_Goal of the exercise_: Write back, word for word, the lines from the one containing "15.43In 2 Pack" to the end of the listing below. Include nothing else, and no pictures.

_Data extract_:
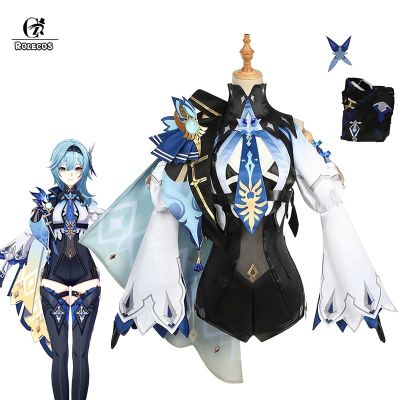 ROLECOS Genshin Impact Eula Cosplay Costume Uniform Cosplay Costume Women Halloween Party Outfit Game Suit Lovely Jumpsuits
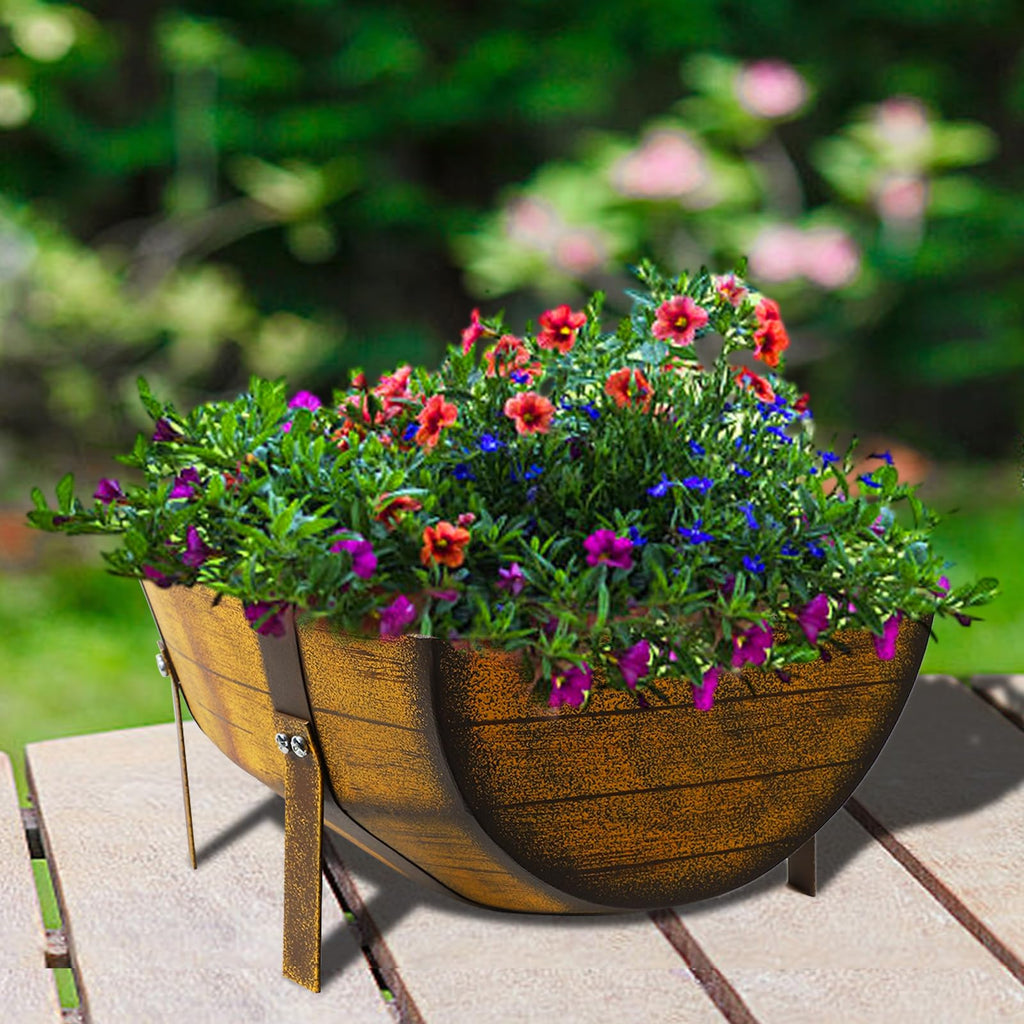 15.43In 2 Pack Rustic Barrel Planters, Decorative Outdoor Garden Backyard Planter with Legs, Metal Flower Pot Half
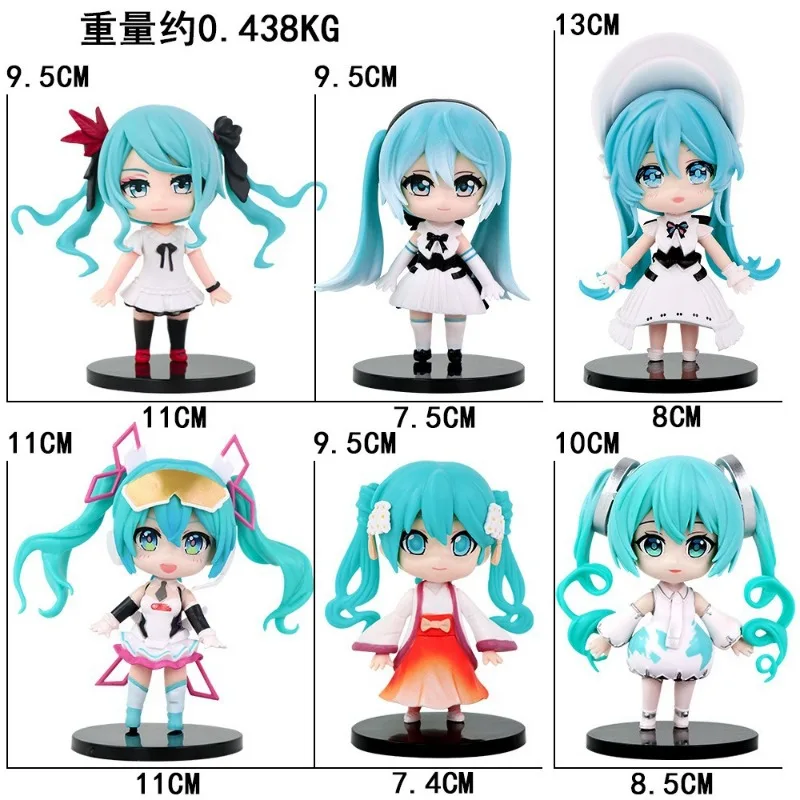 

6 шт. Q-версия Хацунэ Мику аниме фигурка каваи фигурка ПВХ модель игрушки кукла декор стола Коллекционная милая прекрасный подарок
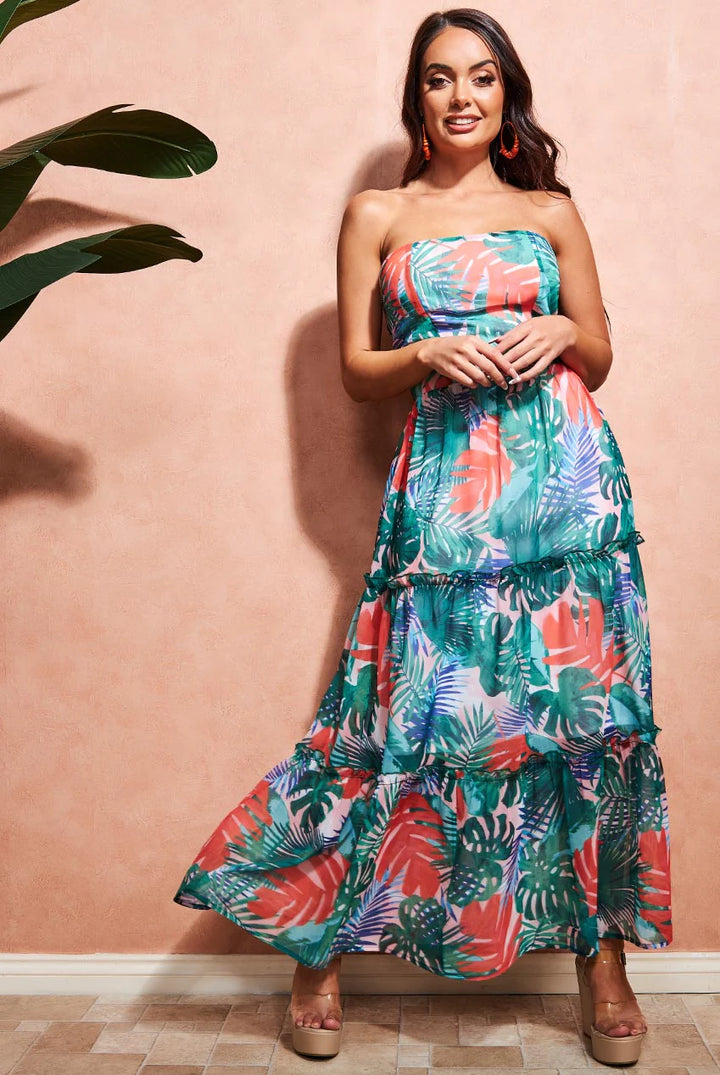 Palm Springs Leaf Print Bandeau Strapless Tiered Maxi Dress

_Task result_:
 15.43In 2 Pack Rustic Barrel Planters, Decorative Outdoor Garden Backyard Planter with Legs, Metal Flower Pot Half

6 шт. Q-версия Хацунэ Мику аниме фигурка каваи фигурка ПВХ модель игрушки кукла декор стола Коллекционная милая прекрасный подарок
 Palm Springs Leaf Print Bandeau Strapless Tiered Maxi Dress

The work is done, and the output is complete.